Rodgers avoided forcing the ball into coverage (until 2022) but he played favorites, particularly late in his career. He could because he had guys like Adams and Jordy Nelson for most of his run in Green Bay. Much of his early-season struggles in ‘22 came before Watson broke out and no surprise Rodgers started playing better late in the season when it became clear Watson was a dude.
Jordan Love is expected to get a mega-deal sooner than later, but will that be it in terms of offseason spending on extensions?
PB: There’s still no extension with Kenny Clark who is moving full-time to three-technique this year, giving him even more pass-rush opportunities. Last year, he thrived in that role, playing his fewest snaps at the nose in his NFL career by a factor of three. He’s heading into the final year of his deal and will count just under $27.5 million on the cap this season. Green Bay can afford that cap hit, but Clark’s deal voids after the 2024 season leaving a $13.7 million dead cap hit in 2025.
Clark will turn 29 this season, but given Clark’s role change away from taking on double-teams every snap, his shot at longevity increases.
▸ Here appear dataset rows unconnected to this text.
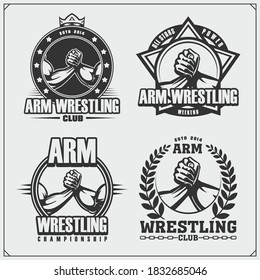 Set of arm wrestling club emblems, labels, badges and design elements. Print design for t-shirts.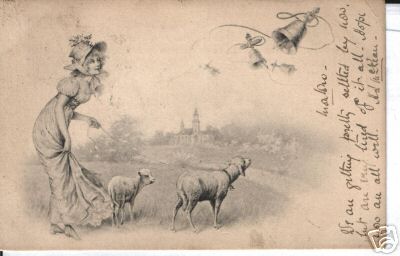 Postcard By Tuck Sheep Shepherdess Bells Lamb Art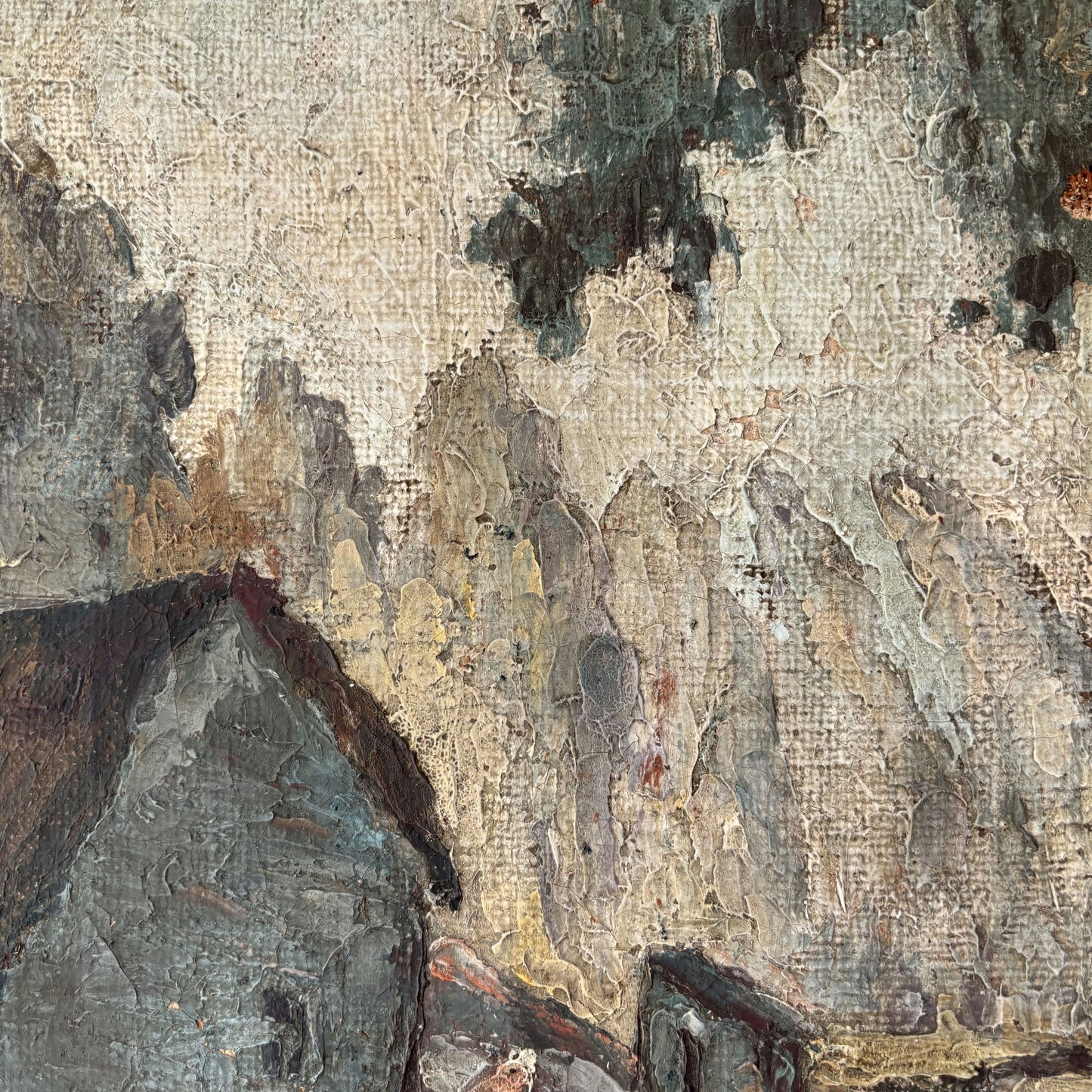 19th Century Landscape Oil Painting "River Cottage" Medium Art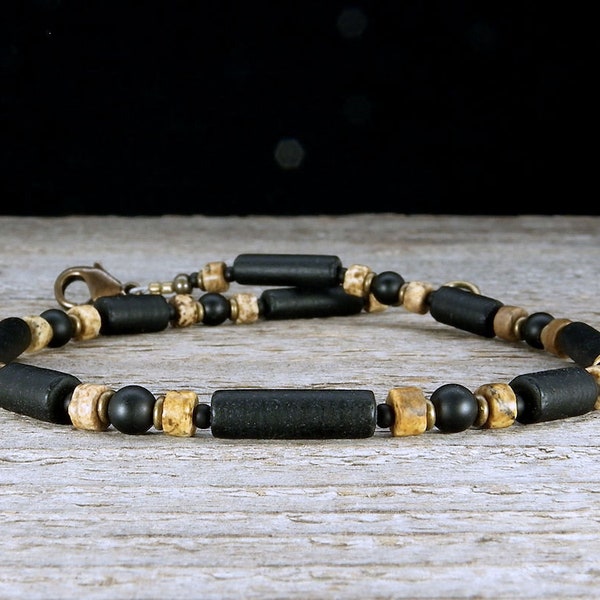 Mens Anklet - Surfer Ankle Bracelet - Unisex Black Anklet with Onyx, Jasper and 'Sea Glass' Tubes - Surfer Anklet - Beach Anklet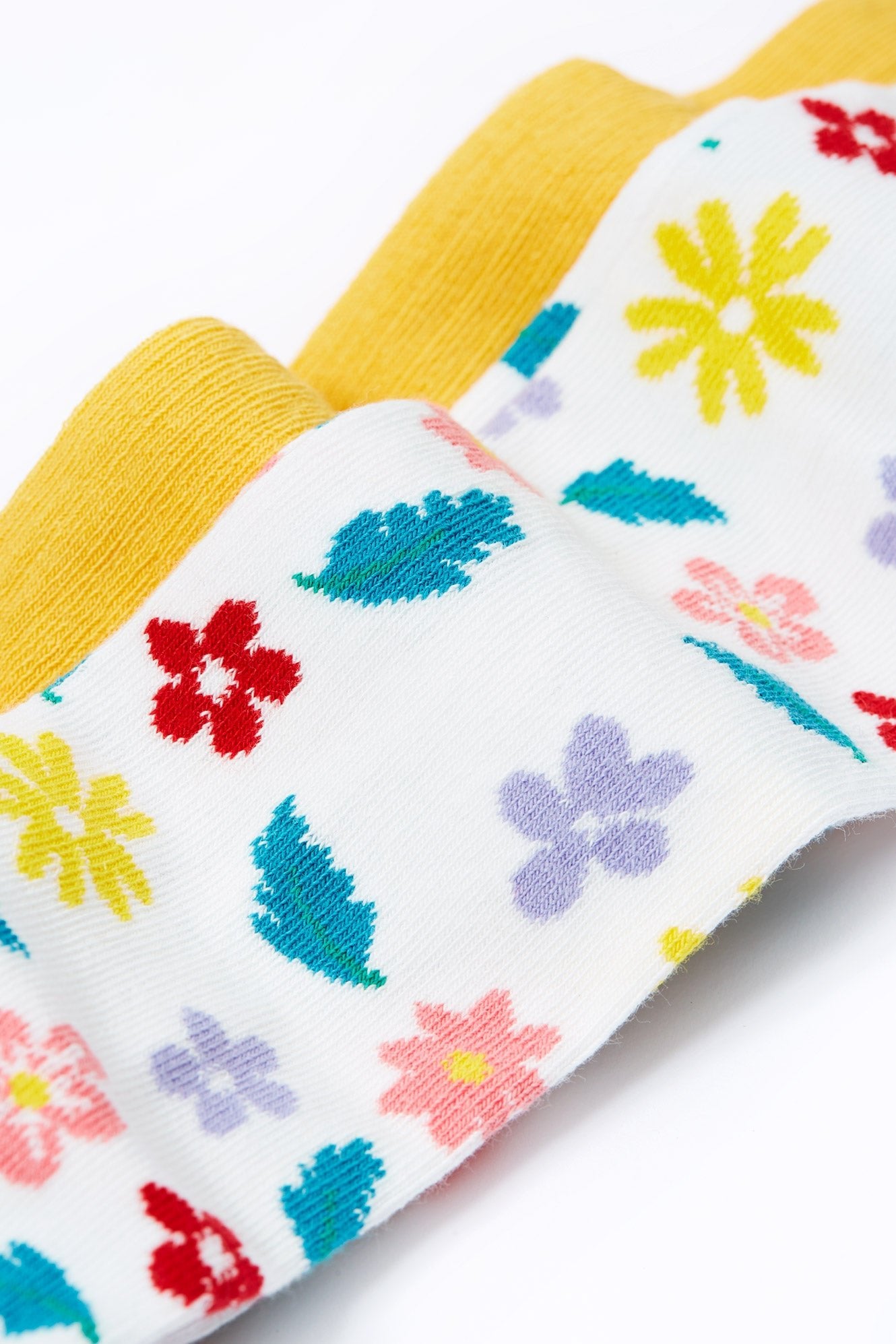 Frugi Norah 2pk Tights - Bumblebee/Flowers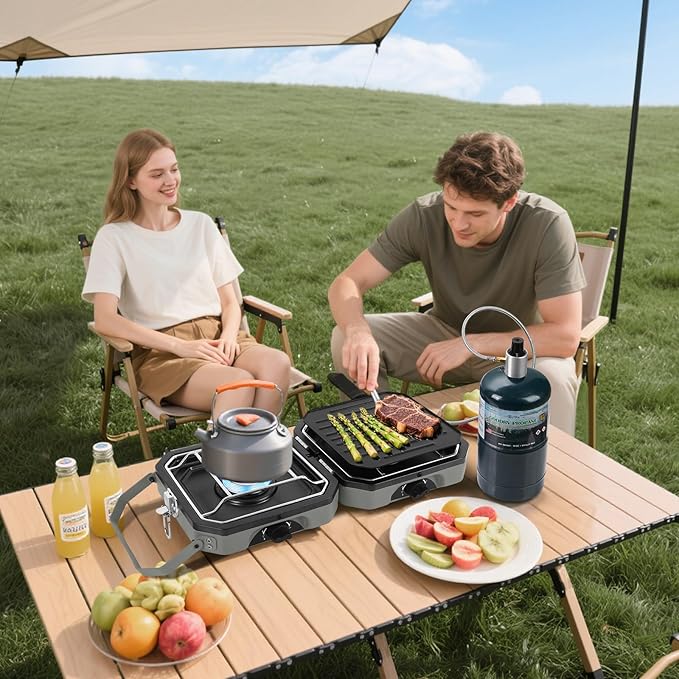 2 Burner Propane Camping Stove With Grill,Portable Foldable Camp Stove With 17000BTU, Two Piezo Ignition Adjustable Windproof Burners forCamping, Grilling, Tailgating, & More (Green)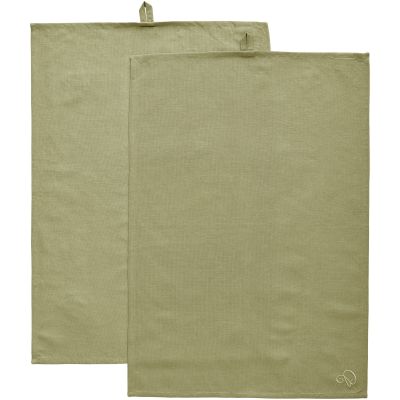 Decotique Sienna keittiöpyyhe pellavaa 70 × 50 cm 2-pakkaus, vihreä | Alk. 20,00 €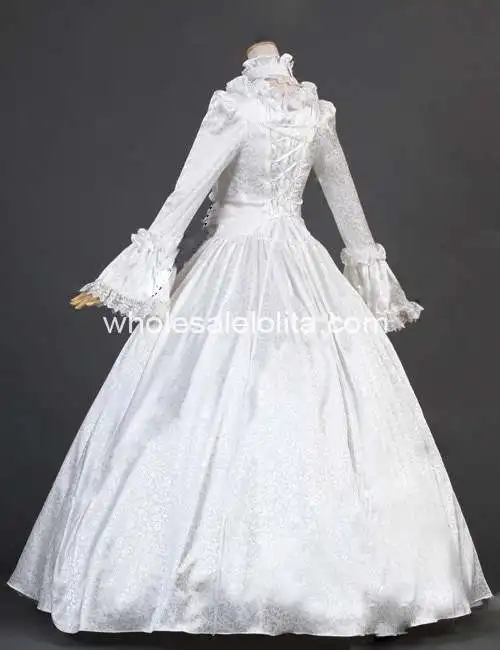 Белое Атласное Платье Marie Antoinette 18 го века свадебное/готическое платье для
This scheme change fits his skillset as someone who can win quickly and disrupt the backfield. And he’s coming off a career-high 7.5 sacks last season.
Any other big deals will likely be on hold for the Packers until they can get the structure of the Love deal sorted. That will impact how they might want to structure other contracts with significant guarantees.
It may be Clark’s running mate T.J. Slaton, slated (no pun intended) to play the nose this season, who gets paid first. For the moment, he’s starting ahead of former first-round pick Devonte Wyatt, a more natural three-technique, and big-bodied space eaters are back in vogue as the league lives in sub-package fronts. PFF graded Slaton the second-best defensive tackle from a one-shade last year, behind only Dexter Lawrence.
Slaton will be a free agent next offseason and looking for long-term security. Green Bay may want to avoid a breakout season and lacks an in-house candidate to replace him. Clark will cost more and have more value to the team, but that makes negotiations trickier. Slaton will be cheaper but with plenty of incentive from the team to get a deal done sooner rather than later. Don’t be surprised if his deal gets done first.